### The problem:
Below are the records; repeat exactly their lines between the line holding "10 Latin Drum" and the line holding "Велосипедная фара ONRIDE", inclusive, skipping the pictures.

Extracted data entries:
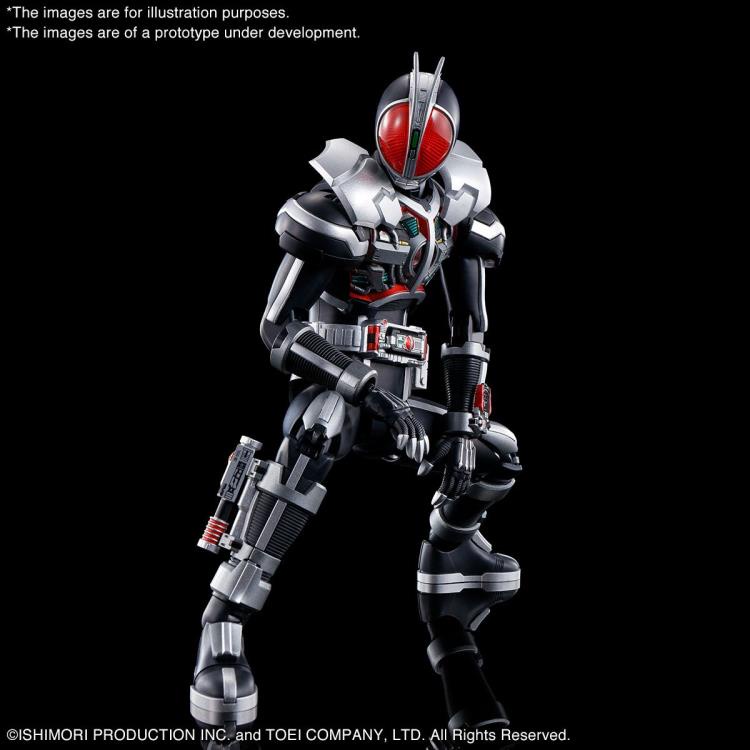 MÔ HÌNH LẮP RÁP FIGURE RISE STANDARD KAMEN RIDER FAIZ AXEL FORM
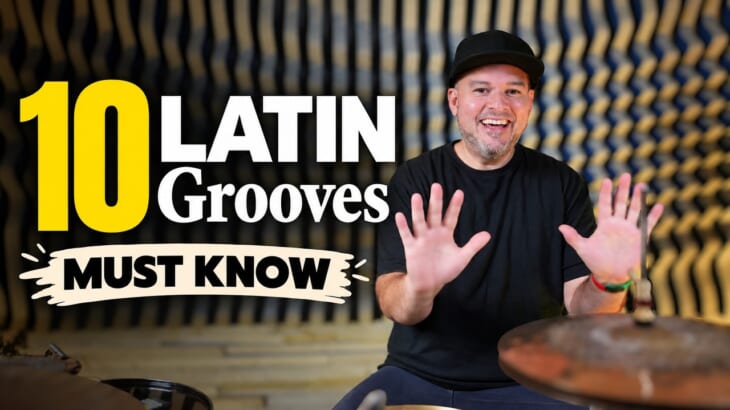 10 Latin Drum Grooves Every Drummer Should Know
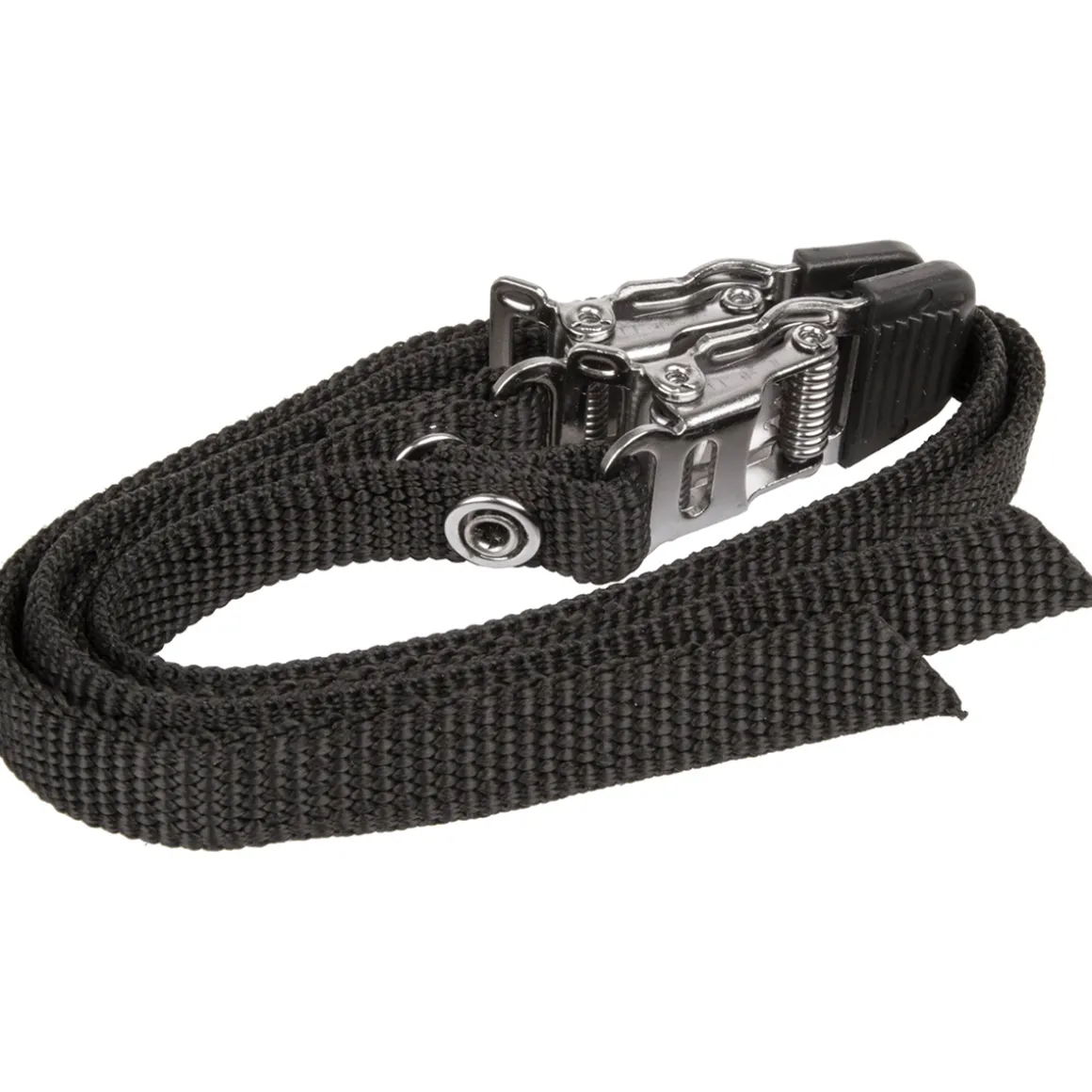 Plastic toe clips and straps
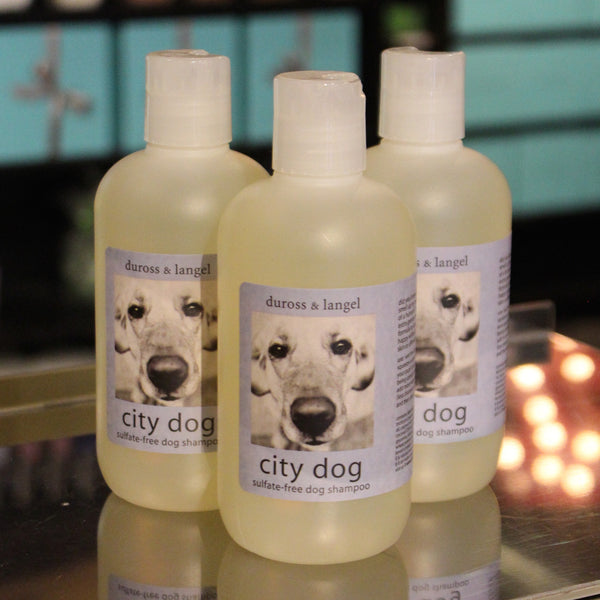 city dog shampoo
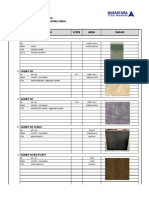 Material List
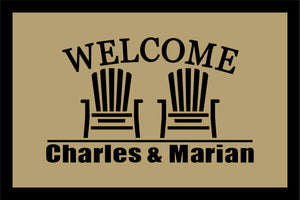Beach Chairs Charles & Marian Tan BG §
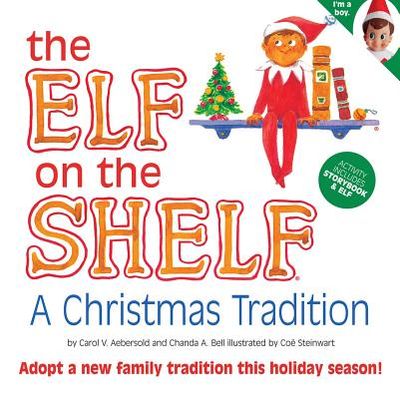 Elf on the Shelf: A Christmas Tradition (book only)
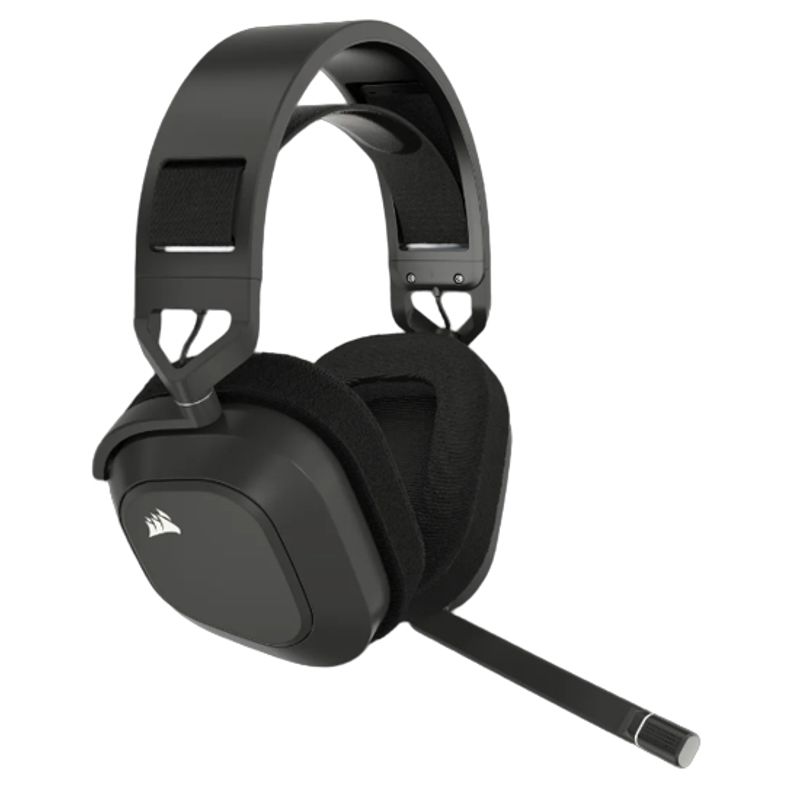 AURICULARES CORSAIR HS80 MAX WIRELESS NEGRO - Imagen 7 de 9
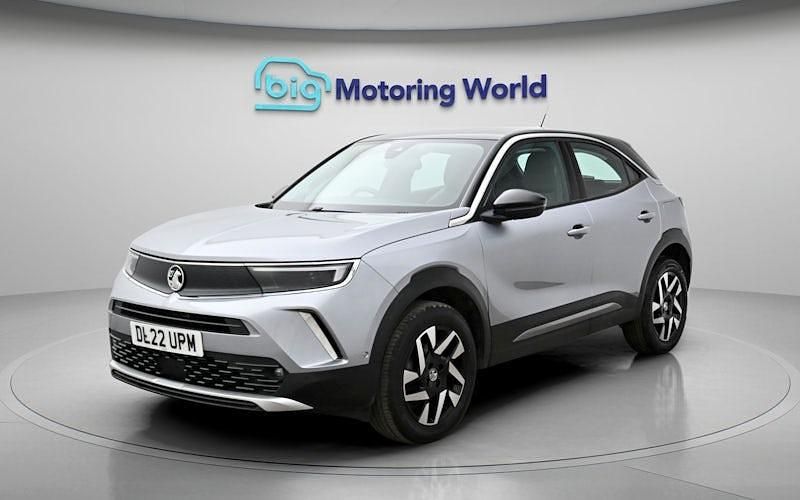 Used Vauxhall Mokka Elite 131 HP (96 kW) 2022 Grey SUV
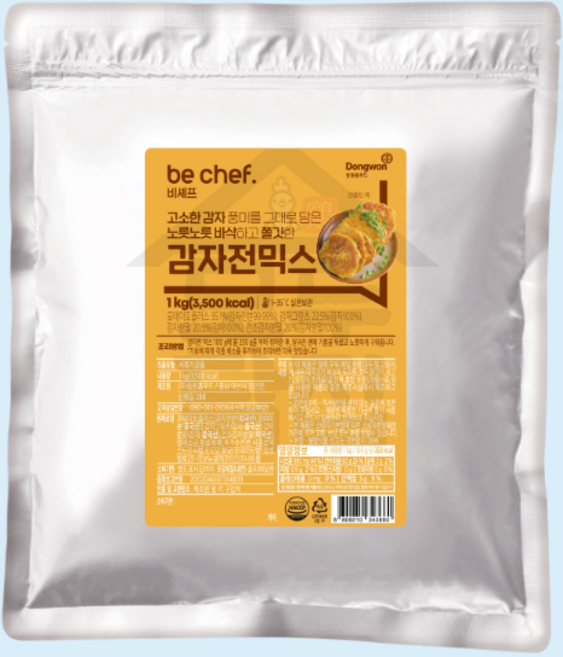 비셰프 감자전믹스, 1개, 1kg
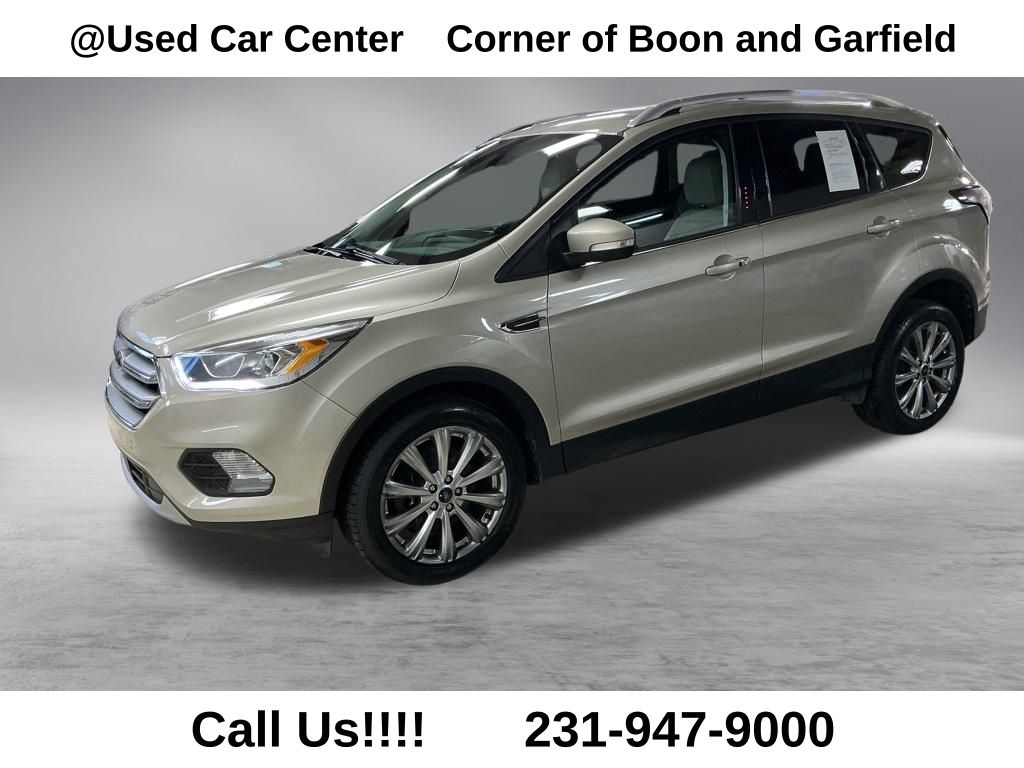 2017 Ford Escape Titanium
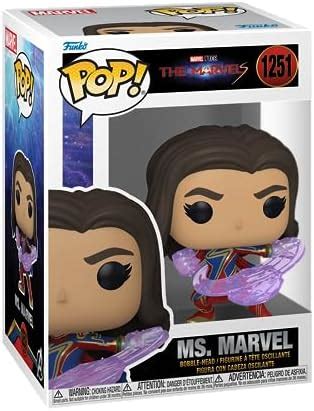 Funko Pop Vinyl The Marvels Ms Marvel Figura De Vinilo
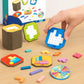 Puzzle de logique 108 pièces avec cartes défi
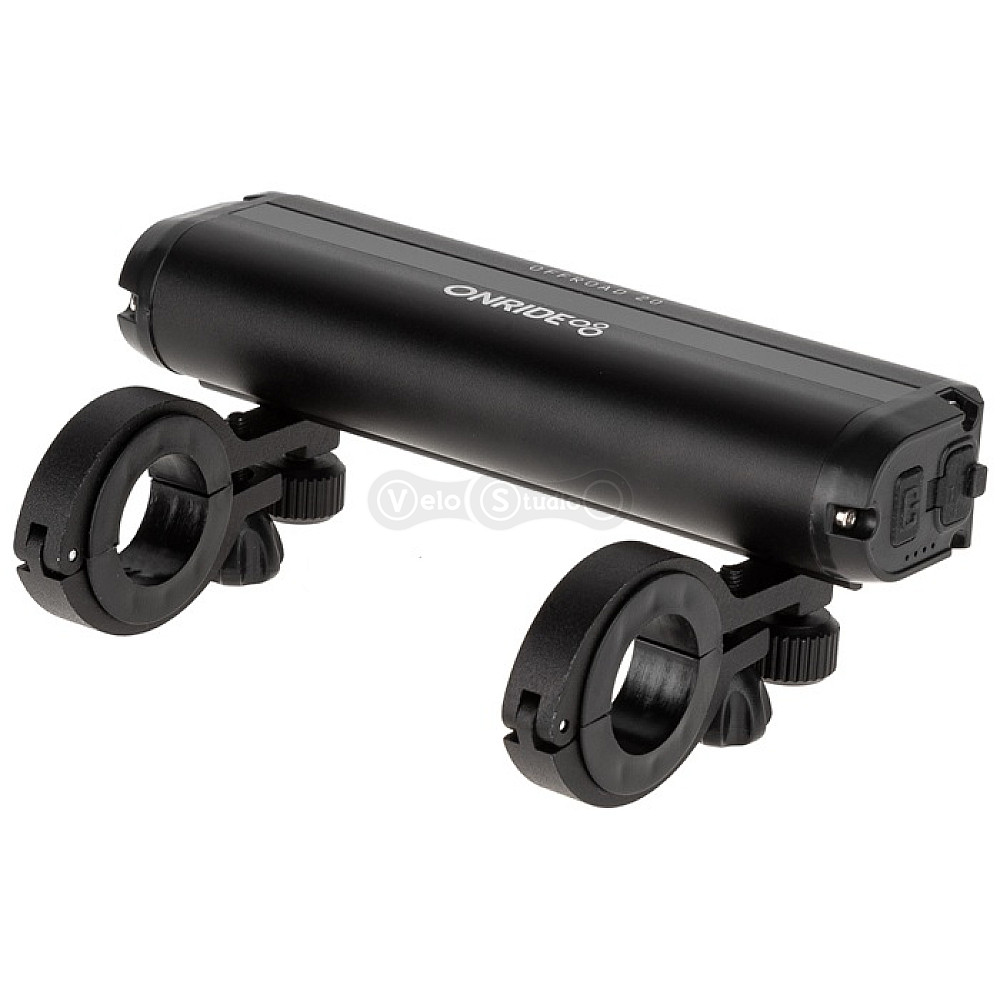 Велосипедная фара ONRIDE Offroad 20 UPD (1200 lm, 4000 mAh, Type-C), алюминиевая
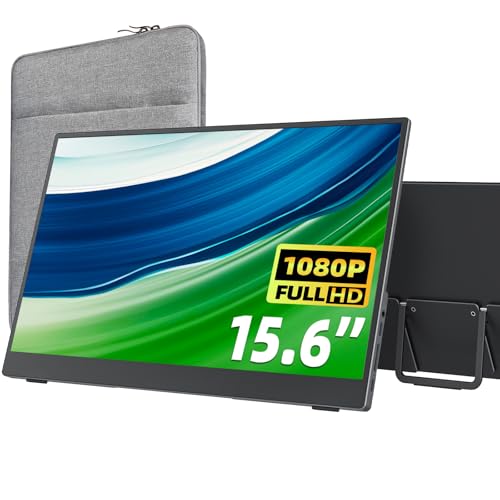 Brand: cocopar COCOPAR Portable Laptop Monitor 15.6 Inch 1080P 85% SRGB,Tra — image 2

### Task solution:
 10 Latin Drum Grooves Every Drummer Should Know
 Plastic toe clips and straps
 city dog shampoo
 Material List
Beach Chairs Charles & Marian Tan BG §
 Elf on the Shelf: A Christmas Tradition (book only)
 AURICULARES CORSAIR HS80 MAX WIRELESS NEGRO - Imagen 7 de 9
 Used Vauxhall Mokka Elite 131 HP (96 kW) 2022 Grey SUV
 비셰프 감자전믹스, 1개, 1kg
 2017 Ford Escape Titanium
 Funko Pop Vinyl The Marvels Ms Marvel Figura De Vinilo
 Puzzle de logique 108 pièces avec cartes défi
 Велосипедная фара ONRIDE Offroad 20 UPD (1200 lm, 4000 mAh, Type-C), алюминиевая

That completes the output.